Nonetheless, the best way to learn about the burgeoning industry of AI is to use AI tools, experiment with them, compare them, mess with them, love them (maybe hate them). It’s not a matter of life and death, but if we don’t engage, we will miss out on learning for ourselves what these tools can do—and what they can teach us. Here is a summary of what I’ve learned so far.

It’s not one and done

Like the L&D Disruptors say about learning, “it’s not one and done.” Learning is a continuous process, especially in a field where tools are released and updated frequently. So far, I’ve used OpenAI’sChatGPT 4o, Anthropic’s Claude, Microsoft’s CoPilot, Google’s Gemini, and Adobe’s Acrobat AI Assistant both for work and for personal inquiries.

Similar content, different expressions

My advice: Don’t bond with just one! Try many. That way, you experience how different each one is from the others. Yes, they often have a similar summary of main concepts, but wow, how differently they express them: in terms of language and order of ideas, how they do (or don’t) understand the meaning behind your request, how long their response, and more.

For example, using the prompt “express this same thought in other words in a sentence about the same length: a stitch in time saves nine” OpenAI ChatGPT: An ounce of prevention is worth a pound of cure. Anthropic Claude: Early prevention outweighs extensive repair. Google Gemini: Addressing problems early on saves a lot of trouble later.

The responses are similar, and they are okay, but each is slightly different. As I use them more, I’m starting to get a feel for how the underlying algorithms result in different expressions of similar ideas.

Prompts are like keys

Ever tried to open a door with the wrong key? Or a key that fits into the lock but can’t turn it? The AI tools welcome all keys, but some keys fit better than others, while some keys get you more of what you want than others. I’m learning that how you prompt has at least a 50% effect on the resulting value of the response. All the bots seem to have access to tremendous reservoirs of content at great speed, but getting that out in the form you want depends greatly on your prompt. I’ve tried all kinds of prompts.

For example, recently I did five interviews with L&D Disruptors, which were so inspiring. I uploaded the transcripts and asked the AIs to analyze the conversations and summarize common themes. ChatGPT 4o found the most themes (12);Anthropic Claude found seven; and Adobe AI Assistant found five. All the themes identified were good, but I found myself wondering, “Is that it? Can’t you do better?” Although the summaries were in each case accurate, they were more like mathematical summaries (2+2=4), not like human beings would summarize what they found interesting, using feelings and their own unique experience to make sense of what was said. In this case, I printed out the separate AI responses and used the RMB BOT (that was me) to make sense of them.

Prompt Sequences can help

Eduardo Torres, Nomadic’s Integration Engineer, has developed a prompt sequence he is finding useful: (context) + (request) + (restriction).

Here’s a couple of examples he provides:

Example 1: (Context) I’m currently working on a data analysis project where I need to visualize some data. (Request) Can you suggest some effective data visualization techniques? (Restriction) Focus only on techniques that are suitable for large datasets.

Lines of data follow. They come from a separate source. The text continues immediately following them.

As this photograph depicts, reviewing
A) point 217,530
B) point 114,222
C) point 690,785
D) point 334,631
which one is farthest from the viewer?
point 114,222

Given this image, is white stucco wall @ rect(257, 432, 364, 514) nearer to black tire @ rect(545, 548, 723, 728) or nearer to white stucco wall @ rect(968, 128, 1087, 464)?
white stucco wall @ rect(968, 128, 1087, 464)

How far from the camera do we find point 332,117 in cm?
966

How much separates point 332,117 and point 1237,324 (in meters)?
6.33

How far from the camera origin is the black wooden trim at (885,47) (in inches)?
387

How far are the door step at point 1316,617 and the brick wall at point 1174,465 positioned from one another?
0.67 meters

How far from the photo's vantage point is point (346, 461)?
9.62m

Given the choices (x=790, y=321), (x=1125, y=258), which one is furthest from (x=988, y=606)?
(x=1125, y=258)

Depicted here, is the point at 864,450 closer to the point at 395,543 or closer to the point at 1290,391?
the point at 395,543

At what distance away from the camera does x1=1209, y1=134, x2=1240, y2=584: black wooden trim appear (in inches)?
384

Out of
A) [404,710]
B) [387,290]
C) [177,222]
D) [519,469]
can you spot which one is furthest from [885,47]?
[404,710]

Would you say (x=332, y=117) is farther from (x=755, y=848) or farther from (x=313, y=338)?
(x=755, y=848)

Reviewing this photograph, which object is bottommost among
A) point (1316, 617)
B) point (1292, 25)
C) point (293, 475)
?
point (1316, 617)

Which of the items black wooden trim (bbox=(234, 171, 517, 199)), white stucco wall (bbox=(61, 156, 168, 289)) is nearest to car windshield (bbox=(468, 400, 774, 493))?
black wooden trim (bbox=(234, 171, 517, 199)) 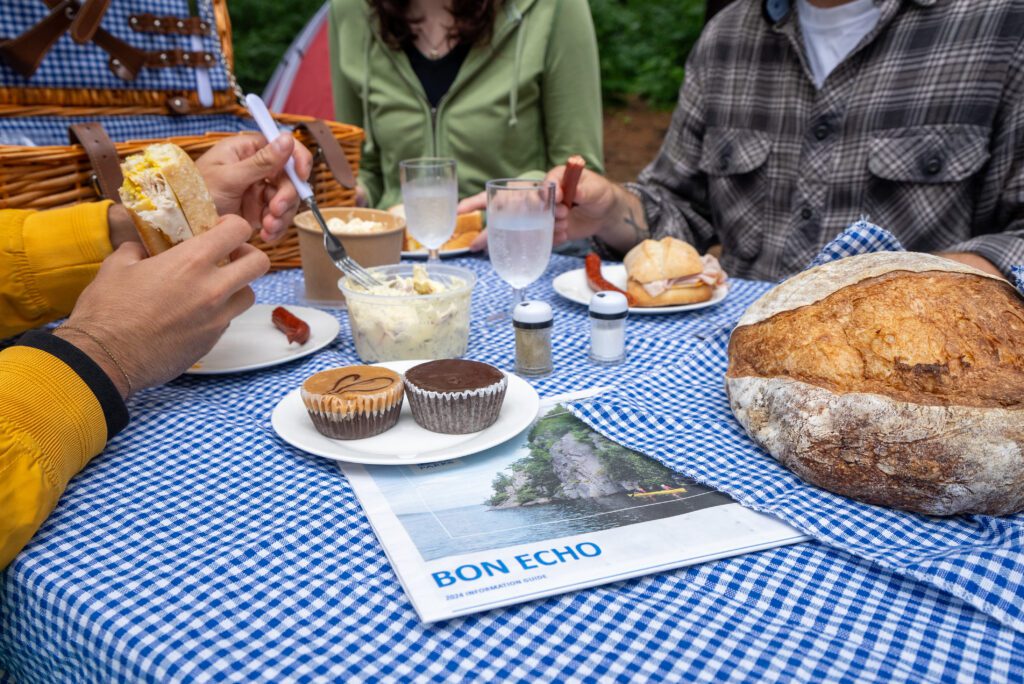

Example 2: (Context) I am developing a new employee training program for remote communication tools. (Request) Can you suggest some engaging training activities? (Restriction) These activities should be executable virtually and require no physical materials.

Bots are like another team member

Currently in Nomadic I’m working with Robert Hodson and Tim Sarchet as a team of 3 overseeing Nomadic’s L&D Disruptor research program. We’re experimenting with lots of bots, and over time we realized a bot can be like a fourth team member - one more point of view to add to the conversation. Nick Chang, who writes a lot of Nomadic’s content, says he prefers to use only general prompts to the bots, so he can get a sense of the basic reasoning that their algorithm is using. He doesn’t want to restrict it at first with detailed prompts.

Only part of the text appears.